EXCERPTED DATA START

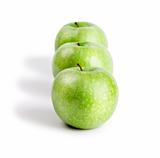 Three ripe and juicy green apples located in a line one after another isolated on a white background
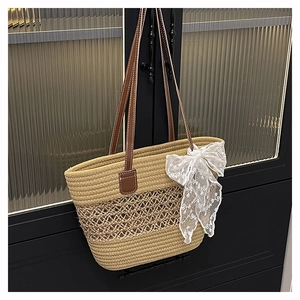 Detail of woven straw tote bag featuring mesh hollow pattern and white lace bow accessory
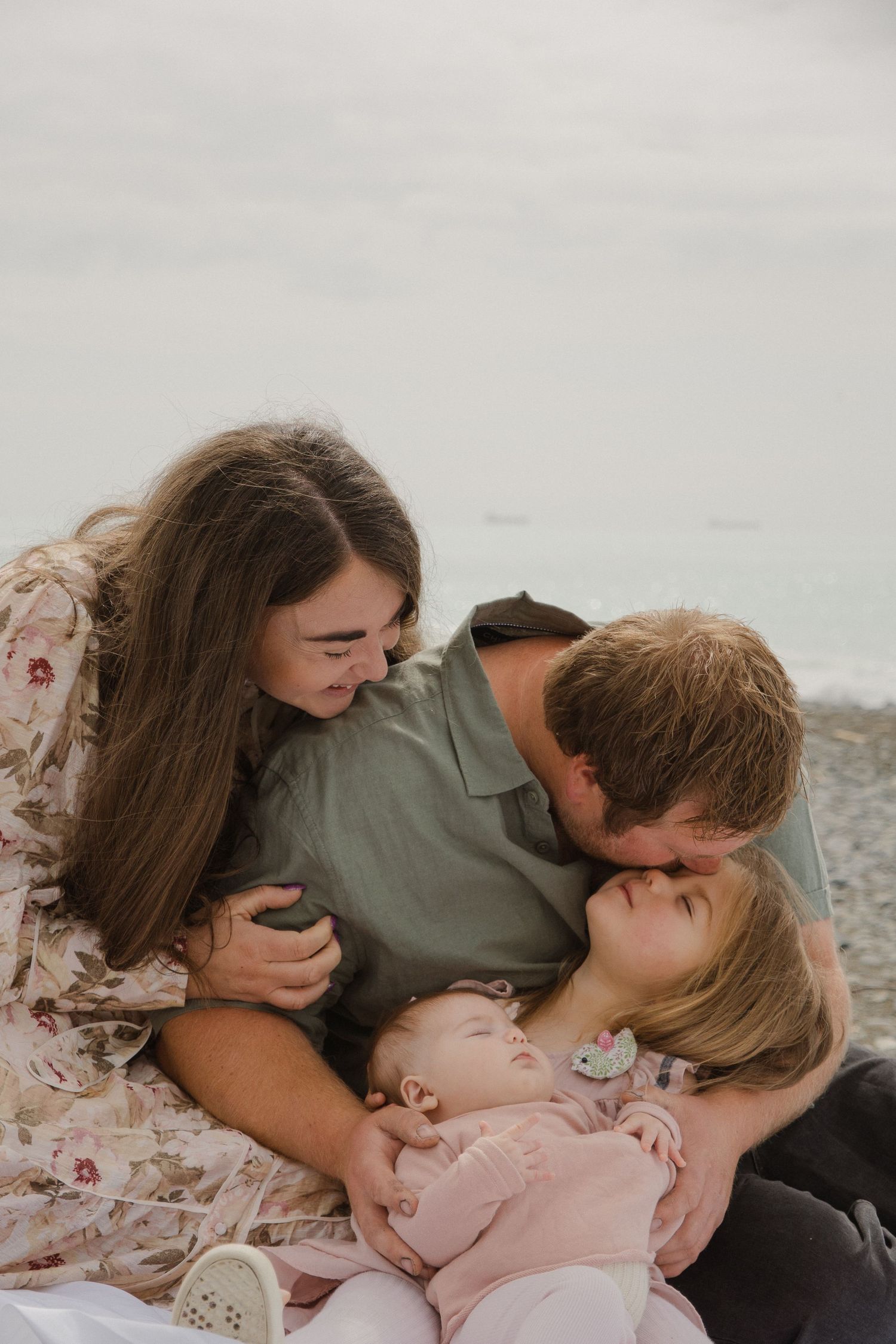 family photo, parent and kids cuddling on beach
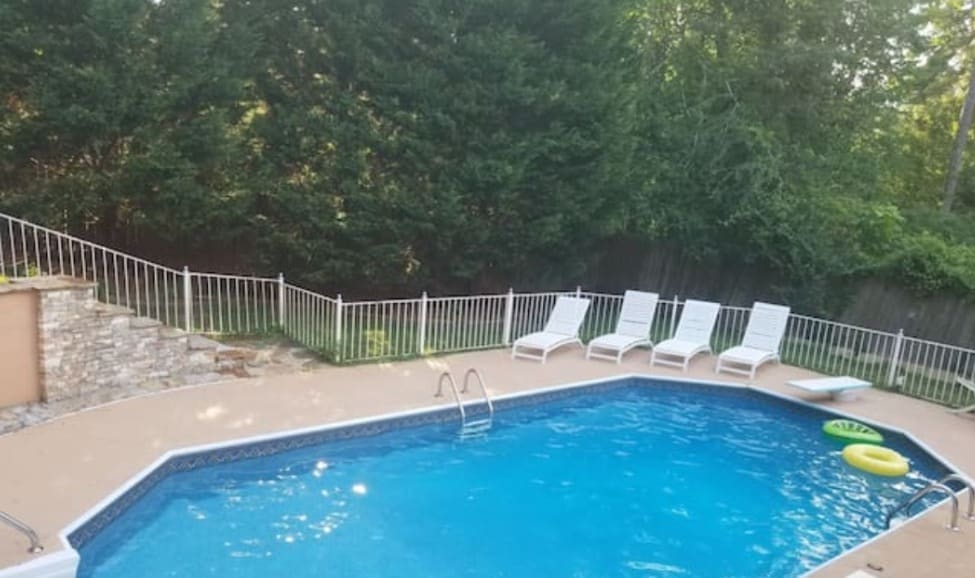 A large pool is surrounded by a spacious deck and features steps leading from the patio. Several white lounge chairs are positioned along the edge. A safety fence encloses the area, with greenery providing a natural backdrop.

EXCERPTED DATA END
EXCERPTED DATA START

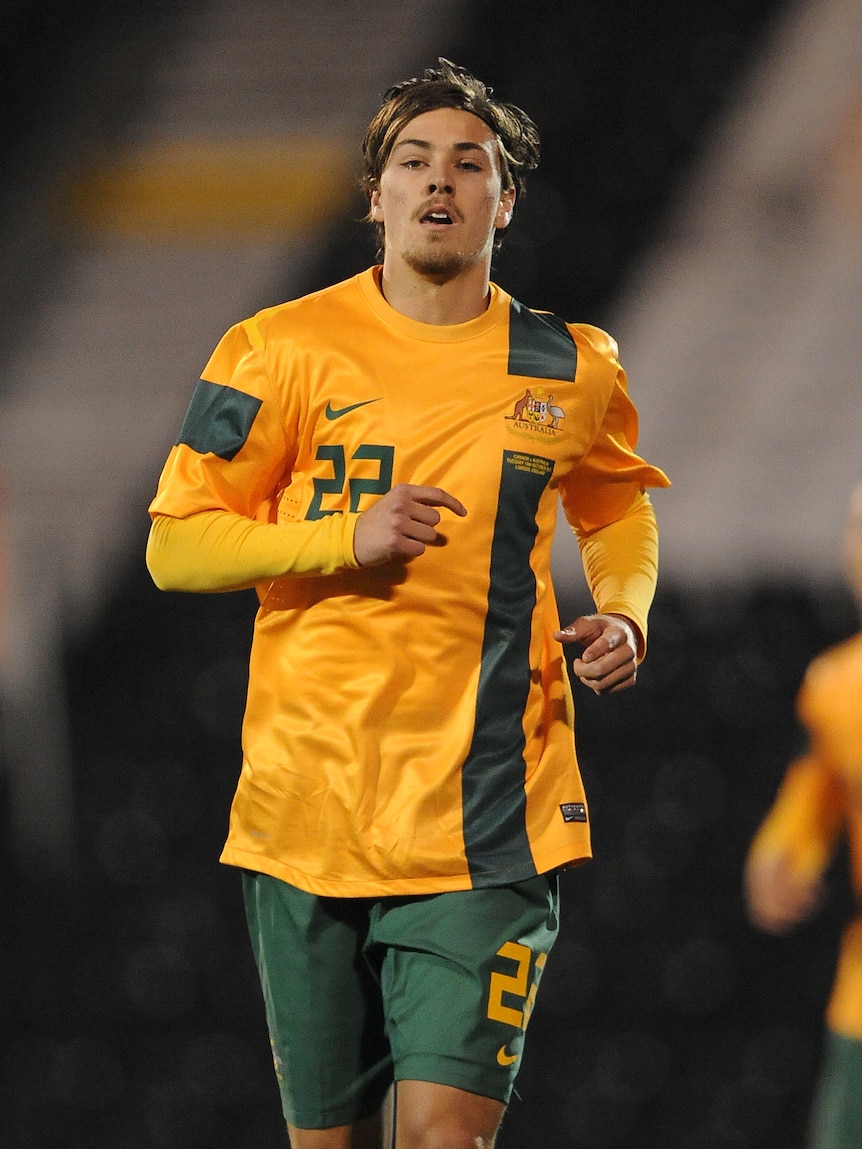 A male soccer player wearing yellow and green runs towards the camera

EXCERPTED DATA END
EXCERPTED DATA START

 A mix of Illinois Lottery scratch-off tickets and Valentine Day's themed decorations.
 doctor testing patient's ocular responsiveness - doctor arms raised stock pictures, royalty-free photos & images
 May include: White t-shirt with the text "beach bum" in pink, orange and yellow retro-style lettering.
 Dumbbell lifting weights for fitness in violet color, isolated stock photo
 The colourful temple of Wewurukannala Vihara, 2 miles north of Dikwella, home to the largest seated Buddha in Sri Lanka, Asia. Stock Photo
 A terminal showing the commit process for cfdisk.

EXCERPTED DATA END

• [WHAT YOU SHOULD DO]
The required answer is the run of lines above, starting at the line with "A mix of Illinois" and ending at the line with "Dumbbell lifting weights", reproduced exactly with both ends.

• [ANSWER BOX]
 A mix of Illinois Lottery scratch-off tickets and Valentine Day's themed decorations.
 doctor testing patient's ocular responsiveness - doctor arms raised stock pictures, royalty-free photos & images
 May include: White t-shirt with the text "beach bum" in pink, orange and yellow retro-style lettering.
 Dumbbell lifting weights for fitness in violet color, isolated stock photo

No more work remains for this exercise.